LA Bowl Ends After Five Seasons as College Football Loses Another Game

As the LA Bowl plays its final down, the shifting tides of college football raise fresh questions about the future of bowl season in an evolving postseason landscape.

After five years of postseason action in Southern California, the LA Bowl has officially reached the end of its run. Organizers announced Thursday that Washington’s win over Boise State in December marked the final chapter for the bowl game, which had been played annually at SoFi Stadium in Inglewood since 2021.
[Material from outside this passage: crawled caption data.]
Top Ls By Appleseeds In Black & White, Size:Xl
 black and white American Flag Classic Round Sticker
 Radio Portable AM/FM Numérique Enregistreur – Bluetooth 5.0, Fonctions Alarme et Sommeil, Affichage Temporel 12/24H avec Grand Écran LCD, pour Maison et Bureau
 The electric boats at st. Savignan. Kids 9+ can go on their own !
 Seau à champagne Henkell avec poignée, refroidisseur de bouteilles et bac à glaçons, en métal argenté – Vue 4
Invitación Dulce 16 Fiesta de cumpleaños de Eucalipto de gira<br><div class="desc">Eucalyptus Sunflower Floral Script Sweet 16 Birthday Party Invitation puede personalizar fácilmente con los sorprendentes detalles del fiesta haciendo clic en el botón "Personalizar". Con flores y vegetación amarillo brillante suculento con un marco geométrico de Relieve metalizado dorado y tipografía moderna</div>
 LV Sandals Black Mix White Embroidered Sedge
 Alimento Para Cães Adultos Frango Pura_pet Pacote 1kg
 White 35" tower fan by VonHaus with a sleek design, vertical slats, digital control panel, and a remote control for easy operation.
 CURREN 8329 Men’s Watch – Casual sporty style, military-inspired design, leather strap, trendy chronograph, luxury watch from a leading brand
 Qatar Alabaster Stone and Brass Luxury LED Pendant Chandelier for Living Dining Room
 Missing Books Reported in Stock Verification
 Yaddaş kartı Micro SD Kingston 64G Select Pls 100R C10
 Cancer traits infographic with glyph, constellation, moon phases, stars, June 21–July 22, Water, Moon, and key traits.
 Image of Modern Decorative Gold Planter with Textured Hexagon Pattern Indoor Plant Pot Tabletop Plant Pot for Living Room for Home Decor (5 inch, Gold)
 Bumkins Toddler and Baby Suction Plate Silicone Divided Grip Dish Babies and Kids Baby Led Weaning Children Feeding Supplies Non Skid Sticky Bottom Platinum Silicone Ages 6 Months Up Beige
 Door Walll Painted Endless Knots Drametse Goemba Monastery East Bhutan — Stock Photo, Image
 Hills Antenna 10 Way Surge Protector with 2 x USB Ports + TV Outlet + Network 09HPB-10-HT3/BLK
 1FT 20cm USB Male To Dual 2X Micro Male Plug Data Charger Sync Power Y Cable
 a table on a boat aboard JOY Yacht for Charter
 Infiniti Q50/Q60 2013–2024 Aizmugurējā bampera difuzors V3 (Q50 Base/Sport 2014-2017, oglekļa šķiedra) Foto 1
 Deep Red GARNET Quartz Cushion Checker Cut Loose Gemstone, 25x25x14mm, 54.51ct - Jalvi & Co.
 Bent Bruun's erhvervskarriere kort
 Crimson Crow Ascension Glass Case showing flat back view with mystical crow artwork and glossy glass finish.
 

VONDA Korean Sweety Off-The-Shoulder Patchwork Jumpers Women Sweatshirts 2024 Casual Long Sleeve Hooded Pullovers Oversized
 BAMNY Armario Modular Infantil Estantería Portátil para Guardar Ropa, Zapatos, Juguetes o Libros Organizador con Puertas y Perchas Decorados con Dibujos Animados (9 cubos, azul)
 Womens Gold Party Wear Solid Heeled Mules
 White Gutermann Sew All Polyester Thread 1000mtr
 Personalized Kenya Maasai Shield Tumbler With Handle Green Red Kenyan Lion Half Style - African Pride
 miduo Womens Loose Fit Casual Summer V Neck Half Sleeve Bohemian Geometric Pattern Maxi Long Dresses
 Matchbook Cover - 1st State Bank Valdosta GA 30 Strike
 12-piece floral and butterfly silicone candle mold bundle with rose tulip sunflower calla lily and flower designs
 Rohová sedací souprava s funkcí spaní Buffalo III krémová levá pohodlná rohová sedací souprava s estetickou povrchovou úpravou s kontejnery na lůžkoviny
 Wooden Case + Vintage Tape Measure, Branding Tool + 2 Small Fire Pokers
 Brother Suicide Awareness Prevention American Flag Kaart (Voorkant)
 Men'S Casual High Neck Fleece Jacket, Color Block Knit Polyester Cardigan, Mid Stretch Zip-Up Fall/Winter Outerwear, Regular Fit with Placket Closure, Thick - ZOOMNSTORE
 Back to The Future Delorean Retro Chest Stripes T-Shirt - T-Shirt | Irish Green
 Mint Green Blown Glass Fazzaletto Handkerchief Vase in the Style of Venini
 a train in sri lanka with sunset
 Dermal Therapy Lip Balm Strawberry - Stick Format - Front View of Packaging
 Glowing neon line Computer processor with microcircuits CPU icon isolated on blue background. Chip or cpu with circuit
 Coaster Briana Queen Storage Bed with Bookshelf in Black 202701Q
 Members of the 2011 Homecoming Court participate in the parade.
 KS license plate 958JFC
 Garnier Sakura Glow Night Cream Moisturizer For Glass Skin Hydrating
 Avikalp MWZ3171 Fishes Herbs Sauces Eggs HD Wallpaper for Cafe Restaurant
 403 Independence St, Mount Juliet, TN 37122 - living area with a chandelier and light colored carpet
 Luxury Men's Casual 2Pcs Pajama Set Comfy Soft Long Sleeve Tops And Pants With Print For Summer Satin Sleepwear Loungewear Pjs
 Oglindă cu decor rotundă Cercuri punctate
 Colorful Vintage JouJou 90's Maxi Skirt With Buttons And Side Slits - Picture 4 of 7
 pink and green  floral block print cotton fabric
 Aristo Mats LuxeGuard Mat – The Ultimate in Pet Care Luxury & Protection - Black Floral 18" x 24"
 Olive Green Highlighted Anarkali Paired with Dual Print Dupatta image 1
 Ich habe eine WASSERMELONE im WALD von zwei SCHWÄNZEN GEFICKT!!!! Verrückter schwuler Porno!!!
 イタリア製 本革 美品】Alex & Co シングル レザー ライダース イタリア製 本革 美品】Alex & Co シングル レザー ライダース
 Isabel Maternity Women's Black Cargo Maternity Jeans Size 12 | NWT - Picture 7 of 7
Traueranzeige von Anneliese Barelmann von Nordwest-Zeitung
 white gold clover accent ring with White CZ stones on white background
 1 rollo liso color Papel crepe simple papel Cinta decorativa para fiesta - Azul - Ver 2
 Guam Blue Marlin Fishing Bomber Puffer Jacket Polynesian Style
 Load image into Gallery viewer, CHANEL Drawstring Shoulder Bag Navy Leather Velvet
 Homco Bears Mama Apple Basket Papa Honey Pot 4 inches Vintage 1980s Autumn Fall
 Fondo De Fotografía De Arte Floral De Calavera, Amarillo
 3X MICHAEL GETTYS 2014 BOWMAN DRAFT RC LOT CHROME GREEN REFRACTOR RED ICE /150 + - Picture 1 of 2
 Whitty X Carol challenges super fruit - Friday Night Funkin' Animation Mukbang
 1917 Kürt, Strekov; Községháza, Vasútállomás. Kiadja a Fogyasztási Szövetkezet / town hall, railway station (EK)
That means college football is set to move forward with 40 bowl games for the 2026 season-though even that number could shrink in the coming years as the College Football Playoff (CFP) continues to expand and reshape the postseason landscape.

In a statement, LA Bowl organizers reflected on the brief but memorable run of the event: “After five great years, the LA Bowl at SoFi Stadium will no longer be moving forward. It has been an honor for our staff and volunteers to bring college football to one of the world’s greatest venues. We want to thank the athletes and football programs who participated and, most importantly, the college football fans who joined us over these past five seasons.”

The LA Bowl carved out a space in the postseason rotation by pairing teams from the Pac-12 and Mountain West. While the matchups rotated annually with no repeat pairings, Boise State was the only program to appear in the game more than once. The Broncos bookended the bowl’s history with appearances in both the first and final editions.

But the LA Bowl’s departure is just the latest sign of a shifting postseason environment in college football. The sport’s December calendar has become increasingly chaotic, with coaching changes, early signing day, and the transfer portal all converging during the same window. Add in the looming expansion of the CFP, and the traditional bowl structure is under more pressure than ever.

Nick Carparelli, executive director of Bowl Season, emphasized that while bowl games still have a place in the sport, their future will be shaped by demand-from both schools and host cities.

“The bowl system is a market-driven system,” Carparelli said. “Through the 100 years of bowl games, no one has ever dictated how many bowl games there are.

They’ve been strictly a function of host communities that want to host them and teams that want to participate. If at any point in time, the institutions decide-as much as we love the bowl system-we may want to participate at a different level, then the bowl system will adjust accordingly.

But no one’s in a position to say what the number is. The market will dictate it.”

That market is already showing signs of strain. More than half a dozen programs declined bowl invitations this past December, including Notre Dame, and a few games had to dip into the pool of five-win teams just to fill slots-something that used to be an exception but is now becoming more common.

There’s also the growing trend of player opt-outs in non-College Football Playoff games. Top prospects are increasingly choosing to sit out lower-tier bowls to prepare for the NFL Draft, which impacts both the quality of the matchups and the appeal of the games themselves. On top of that, bowl practices can interfere with recruiting efforts during one of the busiest times on the calendar for coaching staffs.

All of this feeds into a broader shift in how bowl games are viewed. Once considered a reward for a strong season, many of these games now feel more like obligations-especially for programs with bigger goals. With the playoff becoming the ultimate measuring stick, it’s no surprise that bowls outside the CFP are struggling to hold the same weight.

The end of the LA Bowl doesn’t signal the end of bowl season, but it does underscore a reality college football is slowly coming to terms with: the postseason is evolving, and not every game will survive the transition.